Employees must use the detailed method and obtain a completed Form T2200 signed by their employer to claim home office expenses for 2023, according to the CRA.

Employees who were required to work from home are generally eligible for home office expenses that were directly related to their work, the CRA said on its website. They must meet conditions, such as working from home more than 50 per cent of the time for at least four straight weeks in the year. Home office expenses reimbursed by the employer are excluded.
 

WIDER TRUST REPORTING RULES

Caitlin Butler, a Vancouver-based tax specialist and director of tax education and publications at Video Tax News, noted the expansion of trust reporting rules is a big change that will affect many taxpayers.

“These changes will impact many individuals and businesses, many of whom may not even realize they should file a trust return,” Butler said in an email to CTVNews.ca.

She said required reporting has been expanded to include situations where a trust acts as an agent for its beneficiaries, often referred to as a bare trust. “In plain English, this occurs when the person on title or holding the asset is not the true beneficial owner but rather holds the asset for the benefit of another party,” she explained.

Examples include if a parent is on title of a child’s home – without the parent having beneficial ownership – to help the child obtain a mortgage or a corporate bank account is opened by the shareholders with the corporation being the beneficial owner of the funds.

Butler said people need to find out if they are on title or holding an asset for which they are not the true beneficial owner. For example, she said they should determine if they get the benefits of the asset – such as proceeds on the sale of the asset – and if they are liable for the costs or risks of the asset, including property taxes.

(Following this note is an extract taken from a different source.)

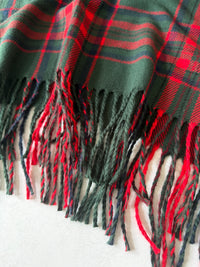 LONG RED WOOL BLEND CHECKED TARTAN SCARF
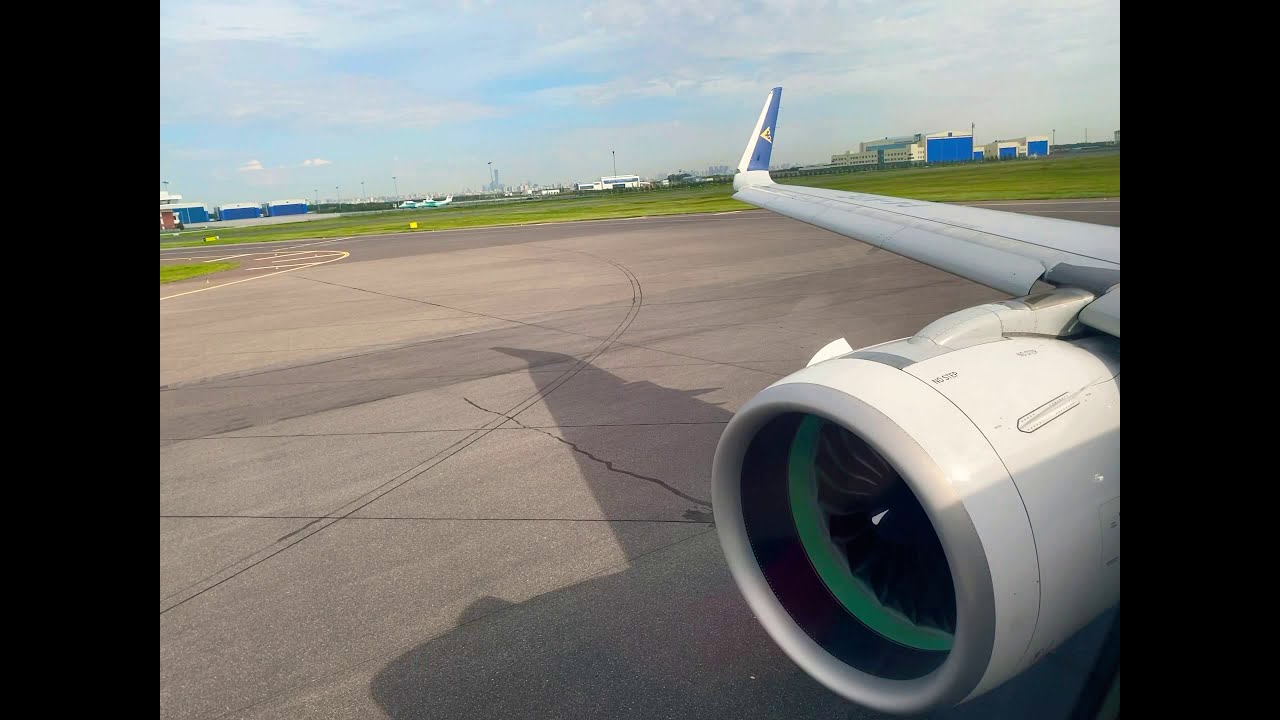 AIR ASTANA AIRBUS A321NEO, take-off from Nur-Sultan Nazarbayev international airport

“If a person is on title but not the true beneficial owner, there is likely a bare trust arrangement, which may require a trust filing due April 2, 2024,” Butler said. “This will be a massive exercise in compliance with the significant risk that many individuals and businesses will unknowingly not comply with the law. … This could end up being that last winter storm of the season that really turns things upside down.”

Many affected by the rules won’t owe more tax, but for the most part, they will have to pay compliance costs, such as paying a professional adviser to complete and file the trust return, she said.

If they don’t comply, the penalty could be $25 per day every day that the returns are late, up to $2,500, she added.